When a database stores information on disk, data is typically stored in chunks called pages. In most database implementations, page sizes range from 2 KB to 64 KB (with some as large as 256 KB!), with most databases using 4 KB, 8 KB, or 16 KB pages.
While the database is running, a large memory allocation is made to create a buffer to store these pages—this is known as the page buffer. The buffer contains many slots called frames, each used to store a copy of a page.
After the initial performance cost of copying the entire page into memory, all subsequent reads from the page are significantly faster than accessing it directly from disk due to the difference is access times of memory vs disk.

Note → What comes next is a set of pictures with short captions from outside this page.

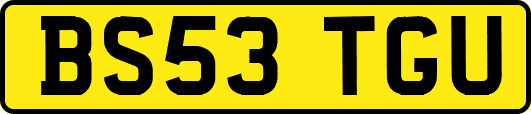 BS53TGU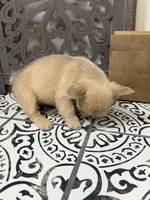 King George, a male French Bulldog for sale in Bowling Green, KY – 5 of 10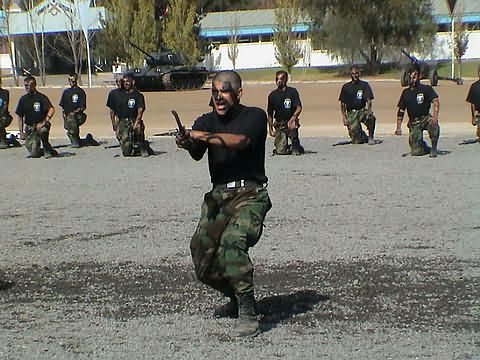 Click en la im&aacute;gen para ir al Indice de la secci&oacute;n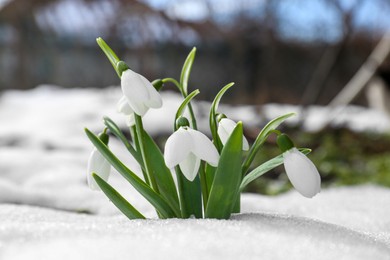 Photo of Beautiful blooming snowdrops growing in snow outdoors. Spring flowers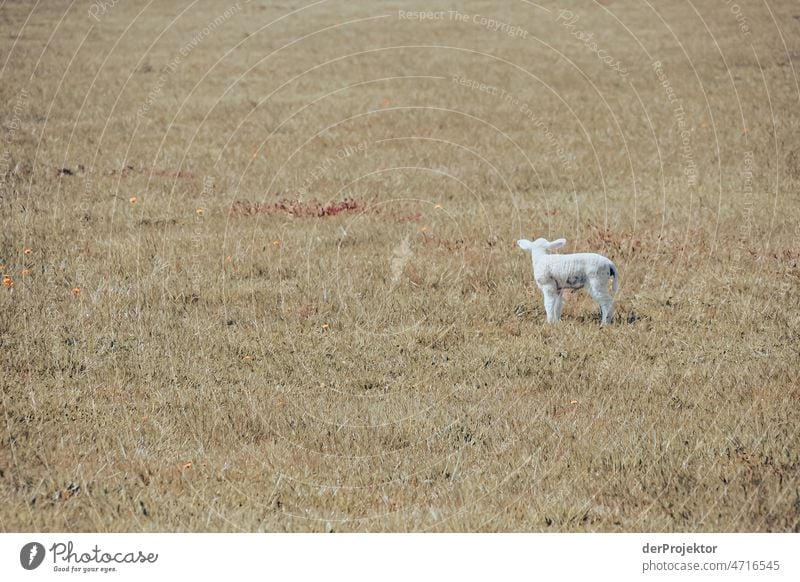 A lamb on a field on Hiddensee Full-length Animal portrait Panorama (View) Long shot Central perspective Deep depth of field Sunbeam Sunlight Day Light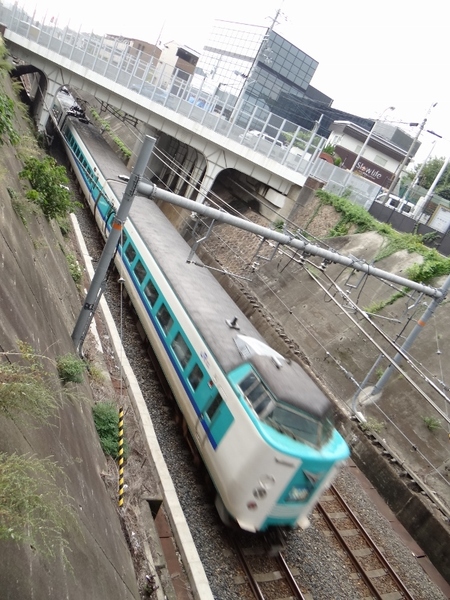 JR西日本381系くろしお (南海:三国ヶ丘駅から)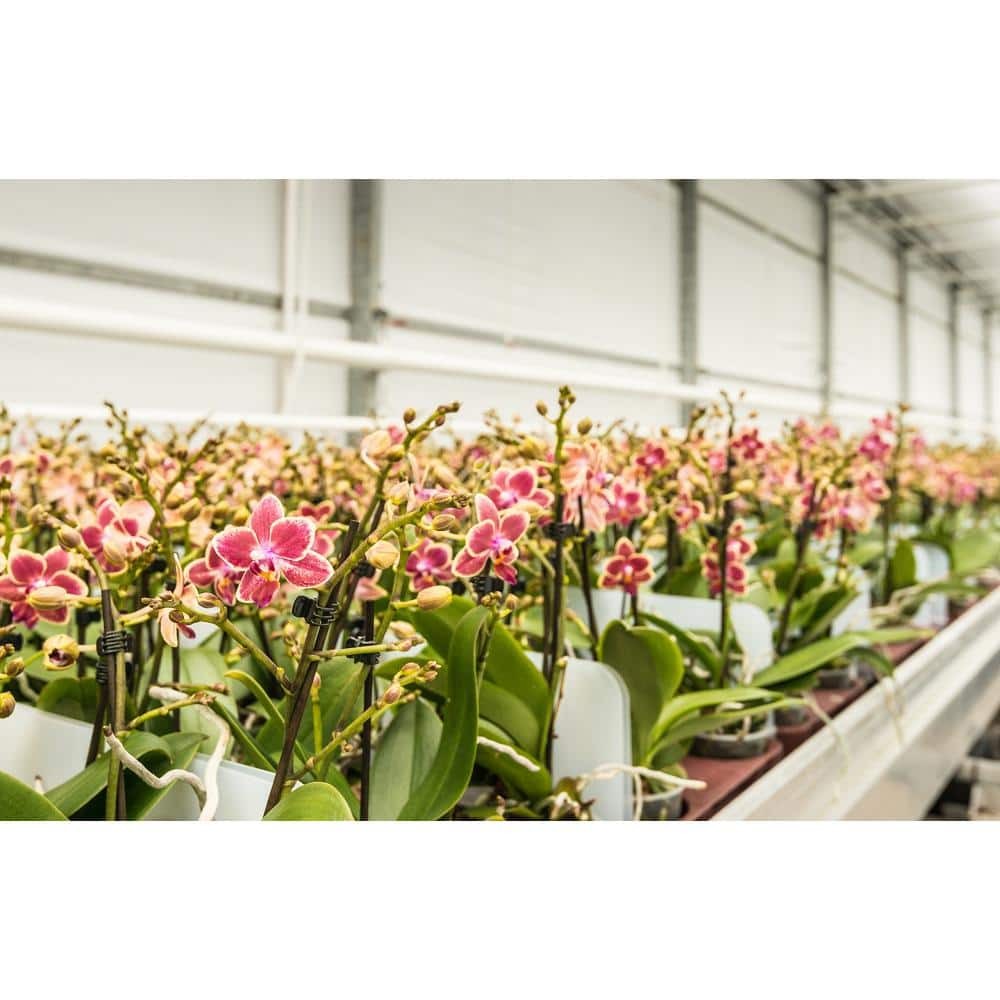 2 ft. 32-Watt White LED 3 Adjustable Spectrum Linkable Plant Grow Light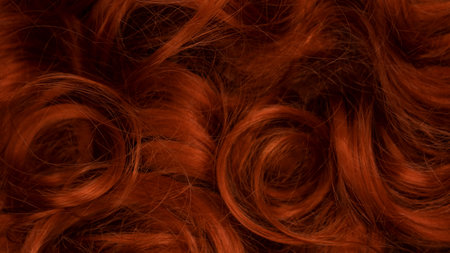 Red hair as a background. Curly red hair.の写真素材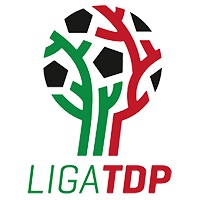 Liga TDP Group 10 Logo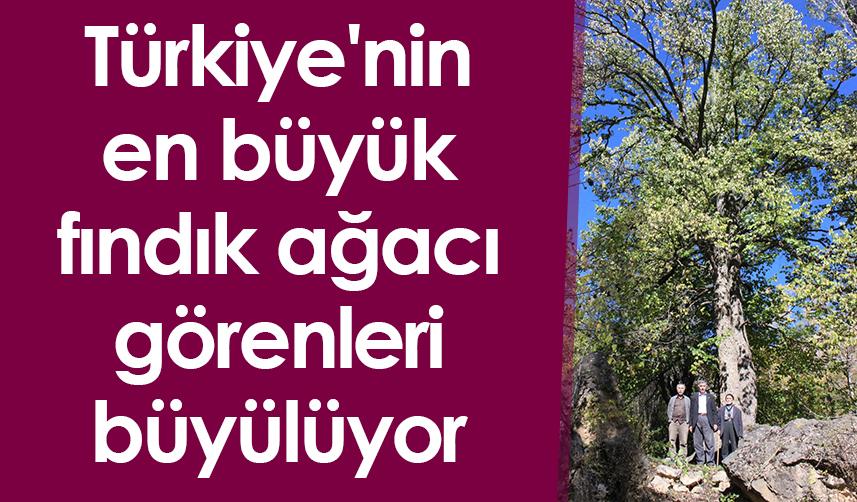 Türkiye'nin en büyük fındık ağacı görenleri büyülüyor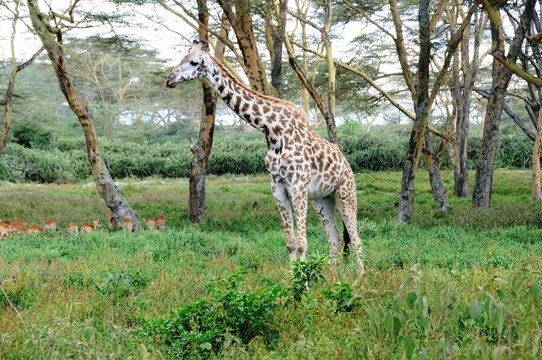 Giraffen am  Lake Naivasha - Kenia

Sounds simple enough. But there’s an important question left to answer: what
happens when the buffer fills up? As mentioned earlier, we can’t fit all
the data into memory (what if the database contains multiple gigabytes of data?).
In such cases, some of the pages in the buffer need to be removed. But which ones?
And how?
Databases use replacement policies, which dictate which pages in the buffer
should be removed and replaced by new ones. Many such policies exist, including
LRU (Least Recently Used), clock, random replacement (RR),
and others.
Each replacement policy has its pros and cons and is suited to certain access
patterns better than others.
Once a replacement policy is selected, the buffer pool can evict pages accordingly.
Importantly, because most databases support both reading and writing, the buffer
pool must also track whether a page has been modified—whether it’s dirty.
This is typically done using a bitfield called a dirty bit. If the dirty bit
is set (meaning the page has been modified), the database must write the updated
page back to its location in the database file before eviction. If the bit is
not set (i.e., the page hasn’t been modified), the page can be replaced
immediately by another page.
/*
A page buffer pool might contain a map from page IDs to some type of page
metadata, which includes information such as:
- The frame containing the page
- Whether the page has been modified (is it dirty?)
- Other possible fields, such as reference counts to the page, etc.
*/
struct PageMeta {
frame_id_t frame_id;
bool is_dirty;
...
};
When implemented correctly, the page buffer pool should be completely invisible to the user, automatically copying and evicting pages as needed to perform efficient reads and writes.
Note: A subsequent post may be made in the future to discuss some of the performance trade-offs between different replacement policies.